Thursday 8 October 2009

By Night in Chile: a Brilliant Political Novel--As Well As a Literary Gem

One of the most difficult things in the world is to write a serious political novel that is not a pot boiler. Joe Klein’s Primary Colors is a good example: compulsive reading, but stoked on gossip and innuendo. Not high literature at all.

But there are stories that much be told, things that happen in the world that demand serious consideration and that cry out to be told with artistry. I’ve just finished By Night in Chile by Robert Bolaño which does just that.

The pretext are the death bed thoughts of a dying Chilean priest, who was deeply involved in the Latin American literary scene. There is much about poetry and indeed the teaser to a review in The Guardian says it is a “wonderful and beautifully written analysis of Chilean literary life.” But it is also—and far more importantly to my mind—a meditation on intellectual and spiritual responsibility.

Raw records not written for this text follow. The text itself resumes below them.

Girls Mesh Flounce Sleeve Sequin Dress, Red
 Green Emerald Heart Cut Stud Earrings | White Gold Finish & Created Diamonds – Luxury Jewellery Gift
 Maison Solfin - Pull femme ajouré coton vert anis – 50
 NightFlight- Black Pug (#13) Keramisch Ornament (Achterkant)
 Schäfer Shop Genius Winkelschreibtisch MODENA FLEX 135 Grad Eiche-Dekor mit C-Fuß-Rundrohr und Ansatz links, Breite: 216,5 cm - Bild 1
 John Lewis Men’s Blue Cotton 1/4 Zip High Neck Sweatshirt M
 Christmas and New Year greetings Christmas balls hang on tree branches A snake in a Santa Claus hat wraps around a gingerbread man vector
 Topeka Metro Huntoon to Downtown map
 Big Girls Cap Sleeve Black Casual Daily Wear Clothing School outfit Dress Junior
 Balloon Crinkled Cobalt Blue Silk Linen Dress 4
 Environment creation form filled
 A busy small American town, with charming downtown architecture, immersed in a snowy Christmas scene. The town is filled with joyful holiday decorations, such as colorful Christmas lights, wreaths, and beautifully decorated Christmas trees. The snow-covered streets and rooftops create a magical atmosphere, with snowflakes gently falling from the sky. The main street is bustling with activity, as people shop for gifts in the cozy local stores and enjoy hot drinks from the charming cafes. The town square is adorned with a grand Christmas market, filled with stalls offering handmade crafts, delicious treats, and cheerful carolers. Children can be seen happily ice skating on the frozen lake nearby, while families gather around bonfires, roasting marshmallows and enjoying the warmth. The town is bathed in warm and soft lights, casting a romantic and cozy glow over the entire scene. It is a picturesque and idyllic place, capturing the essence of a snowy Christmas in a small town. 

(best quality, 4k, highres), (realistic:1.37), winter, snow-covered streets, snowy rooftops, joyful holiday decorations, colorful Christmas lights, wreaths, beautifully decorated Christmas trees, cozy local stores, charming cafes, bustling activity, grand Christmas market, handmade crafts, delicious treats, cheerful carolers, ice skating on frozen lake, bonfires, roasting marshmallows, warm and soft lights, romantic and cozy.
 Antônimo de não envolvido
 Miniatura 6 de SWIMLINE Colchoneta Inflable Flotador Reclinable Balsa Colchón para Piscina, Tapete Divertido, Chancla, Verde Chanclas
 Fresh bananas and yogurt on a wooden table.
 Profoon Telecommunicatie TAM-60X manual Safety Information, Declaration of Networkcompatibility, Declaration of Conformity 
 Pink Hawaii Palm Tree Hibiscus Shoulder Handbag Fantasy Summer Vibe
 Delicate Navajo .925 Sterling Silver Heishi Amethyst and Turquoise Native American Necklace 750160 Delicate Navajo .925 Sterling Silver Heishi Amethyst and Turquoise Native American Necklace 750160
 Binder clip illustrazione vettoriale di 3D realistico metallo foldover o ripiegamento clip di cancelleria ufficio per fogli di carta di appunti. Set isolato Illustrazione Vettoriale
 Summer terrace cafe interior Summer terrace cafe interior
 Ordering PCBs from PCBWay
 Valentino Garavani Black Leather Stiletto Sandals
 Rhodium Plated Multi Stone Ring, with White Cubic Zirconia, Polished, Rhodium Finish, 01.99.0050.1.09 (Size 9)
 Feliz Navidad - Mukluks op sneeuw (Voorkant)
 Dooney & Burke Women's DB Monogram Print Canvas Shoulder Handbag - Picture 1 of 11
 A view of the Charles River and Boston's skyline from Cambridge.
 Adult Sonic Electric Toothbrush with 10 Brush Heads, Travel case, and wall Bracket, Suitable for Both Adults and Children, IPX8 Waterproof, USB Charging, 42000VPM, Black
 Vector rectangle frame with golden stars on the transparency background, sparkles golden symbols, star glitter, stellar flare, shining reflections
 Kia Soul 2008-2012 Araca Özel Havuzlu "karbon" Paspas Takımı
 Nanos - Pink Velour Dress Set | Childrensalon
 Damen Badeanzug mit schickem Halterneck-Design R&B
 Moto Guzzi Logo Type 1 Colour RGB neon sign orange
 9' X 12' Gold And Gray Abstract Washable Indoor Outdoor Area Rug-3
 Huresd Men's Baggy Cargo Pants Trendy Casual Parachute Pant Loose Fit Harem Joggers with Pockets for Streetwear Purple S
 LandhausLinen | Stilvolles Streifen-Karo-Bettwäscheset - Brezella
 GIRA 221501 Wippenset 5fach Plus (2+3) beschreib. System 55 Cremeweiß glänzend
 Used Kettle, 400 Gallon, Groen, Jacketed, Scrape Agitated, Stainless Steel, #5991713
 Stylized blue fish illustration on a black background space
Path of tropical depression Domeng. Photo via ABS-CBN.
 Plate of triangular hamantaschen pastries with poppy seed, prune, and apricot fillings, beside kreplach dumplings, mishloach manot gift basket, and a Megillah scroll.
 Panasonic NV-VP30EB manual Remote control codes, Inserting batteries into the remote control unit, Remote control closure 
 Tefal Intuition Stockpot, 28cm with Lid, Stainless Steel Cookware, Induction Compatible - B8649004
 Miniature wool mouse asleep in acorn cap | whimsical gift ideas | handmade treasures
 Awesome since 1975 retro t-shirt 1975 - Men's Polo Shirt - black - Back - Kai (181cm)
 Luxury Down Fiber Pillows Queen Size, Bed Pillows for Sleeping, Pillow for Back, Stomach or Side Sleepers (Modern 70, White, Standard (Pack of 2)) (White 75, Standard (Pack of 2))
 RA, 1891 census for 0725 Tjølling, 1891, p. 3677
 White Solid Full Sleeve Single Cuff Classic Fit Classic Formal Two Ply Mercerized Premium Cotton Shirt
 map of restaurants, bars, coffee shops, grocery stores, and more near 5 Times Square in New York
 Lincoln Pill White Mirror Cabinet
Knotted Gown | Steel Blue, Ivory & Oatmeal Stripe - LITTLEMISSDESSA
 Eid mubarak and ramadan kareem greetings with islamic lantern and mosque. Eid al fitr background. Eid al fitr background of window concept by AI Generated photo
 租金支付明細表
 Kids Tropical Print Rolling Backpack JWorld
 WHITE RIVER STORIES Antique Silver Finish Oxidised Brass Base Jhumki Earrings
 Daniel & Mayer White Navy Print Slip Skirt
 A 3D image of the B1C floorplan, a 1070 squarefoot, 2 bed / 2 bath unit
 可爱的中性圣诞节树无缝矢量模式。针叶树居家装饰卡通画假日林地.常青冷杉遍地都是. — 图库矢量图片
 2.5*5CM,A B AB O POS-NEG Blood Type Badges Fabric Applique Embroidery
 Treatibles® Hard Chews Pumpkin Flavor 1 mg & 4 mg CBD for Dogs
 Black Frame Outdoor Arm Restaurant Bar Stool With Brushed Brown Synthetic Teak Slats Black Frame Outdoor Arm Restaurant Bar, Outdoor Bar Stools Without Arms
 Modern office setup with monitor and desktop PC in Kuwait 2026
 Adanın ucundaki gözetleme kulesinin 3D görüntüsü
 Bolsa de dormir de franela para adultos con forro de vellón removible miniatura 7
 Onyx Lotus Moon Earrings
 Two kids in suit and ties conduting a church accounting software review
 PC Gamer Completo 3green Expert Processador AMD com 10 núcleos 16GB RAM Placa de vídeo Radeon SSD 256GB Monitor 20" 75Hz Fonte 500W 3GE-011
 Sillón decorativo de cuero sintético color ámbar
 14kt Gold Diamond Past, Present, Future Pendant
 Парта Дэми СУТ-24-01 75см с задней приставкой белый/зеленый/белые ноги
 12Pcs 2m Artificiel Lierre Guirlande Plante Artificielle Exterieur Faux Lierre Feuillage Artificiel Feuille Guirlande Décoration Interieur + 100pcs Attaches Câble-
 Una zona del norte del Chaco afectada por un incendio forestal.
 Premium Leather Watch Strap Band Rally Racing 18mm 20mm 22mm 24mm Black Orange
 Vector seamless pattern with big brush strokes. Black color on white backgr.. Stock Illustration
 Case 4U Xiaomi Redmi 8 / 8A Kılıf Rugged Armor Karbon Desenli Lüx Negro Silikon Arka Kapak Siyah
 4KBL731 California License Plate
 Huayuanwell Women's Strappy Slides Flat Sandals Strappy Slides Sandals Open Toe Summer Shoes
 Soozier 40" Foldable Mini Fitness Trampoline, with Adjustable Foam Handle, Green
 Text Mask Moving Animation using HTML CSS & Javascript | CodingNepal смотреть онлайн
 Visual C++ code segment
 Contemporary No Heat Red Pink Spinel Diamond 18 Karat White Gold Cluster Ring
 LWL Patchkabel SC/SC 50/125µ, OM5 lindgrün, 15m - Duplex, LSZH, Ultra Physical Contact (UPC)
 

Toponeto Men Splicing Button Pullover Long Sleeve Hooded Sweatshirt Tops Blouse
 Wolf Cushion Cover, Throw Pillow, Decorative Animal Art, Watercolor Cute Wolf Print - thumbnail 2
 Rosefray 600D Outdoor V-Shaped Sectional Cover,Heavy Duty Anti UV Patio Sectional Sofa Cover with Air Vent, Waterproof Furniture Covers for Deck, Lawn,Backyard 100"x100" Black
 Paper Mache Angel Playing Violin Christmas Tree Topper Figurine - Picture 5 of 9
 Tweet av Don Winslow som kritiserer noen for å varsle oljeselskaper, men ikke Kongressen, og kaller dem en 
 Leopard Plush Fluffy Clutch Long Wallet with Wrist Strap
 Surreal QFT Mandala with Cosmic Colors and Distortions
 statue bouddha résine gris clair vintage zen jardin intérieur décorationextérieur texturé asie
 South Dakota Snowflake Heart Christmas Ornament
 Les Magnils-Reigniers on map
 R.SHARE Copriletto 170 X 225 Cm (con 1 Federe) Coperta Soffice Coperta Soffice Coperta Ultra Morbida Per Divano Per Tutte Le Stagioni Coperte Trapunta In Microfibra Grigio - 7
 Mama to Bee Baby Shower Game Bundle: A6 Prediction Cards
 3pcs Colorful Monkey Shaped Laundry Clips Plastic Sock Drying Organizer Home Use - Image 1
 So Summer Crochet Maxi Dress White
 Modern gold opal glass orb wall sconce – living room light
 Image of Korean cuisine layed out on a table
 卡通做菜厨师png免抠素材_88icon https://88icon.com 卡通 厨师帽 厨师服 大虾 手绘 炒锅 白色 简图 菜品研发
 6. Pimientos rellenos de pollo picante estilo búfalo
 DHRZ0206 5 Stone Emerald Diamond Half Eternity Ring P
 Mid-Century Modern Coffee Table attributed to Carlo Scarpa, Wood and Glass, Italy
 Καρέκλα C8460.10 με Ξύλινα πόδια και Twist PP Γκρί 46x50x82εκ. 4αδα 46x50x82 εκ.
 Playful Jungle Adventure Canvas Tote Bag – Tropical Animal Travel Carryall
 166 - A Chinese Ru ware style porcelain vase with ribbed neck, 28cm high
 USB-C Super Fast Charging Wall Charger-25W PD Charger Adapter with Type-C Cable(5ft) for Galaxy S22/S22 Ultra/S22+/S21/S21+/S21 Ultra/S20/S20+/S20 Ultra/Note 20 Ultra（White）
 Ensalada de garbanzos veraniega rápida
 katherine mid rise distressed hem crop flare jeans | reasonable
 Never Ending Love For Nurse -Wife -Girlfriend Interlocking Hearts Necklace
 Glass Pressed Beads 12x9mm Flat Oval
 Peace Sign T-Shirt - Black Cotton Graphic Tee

Bolaño died at 50 in 2003, after a short and intense writing career: in the last ten years of his life he turned out more than a half dozen books. He ran afoul of the Pinochet dictatorship when he returned to his native Chile just before the overthrow of Salvador Allende. After a short imprisonment he spent a good part of his life abroad, reading widely and becoming a cult hero in literary circles. But this short novel, elegantly translated by Chris Andrews, is so much bigger than a “literary” work that even those who bristle when critics talk of style will profit from reading it.

The only other writer I can think who has combined political conscience, story telling ability and superb writing is Colm Toíbin in his novel of the Spanish Civil War and the Irish Troubles, The South, and in The Story of the Night, set in the Argentina of the Falklands War and the explosion of the AIDS epidemic. Bolaño had a reputation of reading absolutely everything so it’s probable he read the latter book. Indeed the similarity of Bolaño’s title to Toibin’s suggests this. But Bolaño is an original. 10 on 10, in my book.


2 comments:

lagatta à montréal said...

Also hard to produce a serious political novel that does not become a dogmatic treatise. I'll certainly be seeking out Nocturno de Chile (Nocturne du Chili in French, by the way). Sadly, the best Latin American bookshop in Montréal, Librairie Abu Yala, closed a few years back. I'll check Libreria Las Americas on St-Norbert off St-Laurent, just south of Sherbrooke.

Wasn't familiar with Roberto Bolaño - will ask my Spanish teacher/friend who is Argentine and also spent several years in exile in Barcelona after the coup there before moving here (she lives on avenue Bernard in Outremont, by the way).

Why did you read the book in English? I tend to read Latin-language books in French if I don't know the original tongue or can't find it in the original, and Germanic-language books in English for same reasons. Though perhaps the English translation is better. Happens.

Mary Soderstrom said...

The book is one on the list of a grup of English speaking friends who've been getting together twice a momth for more than 40 years, which is why I read it in English.

Certainly the French translations of Antonio Lobo Antunes work in Portuguese are much better than the English ones, and that may be true iin general. Another book group I belong to (this one Francophones who've been meeting once a month for 25 years) is currently reading a German book, Thomas Brussig's Le Comlexle de Klaus/ Heroes Like Us. I've read it in English and it will be interesting to compare with the French.

A langauges!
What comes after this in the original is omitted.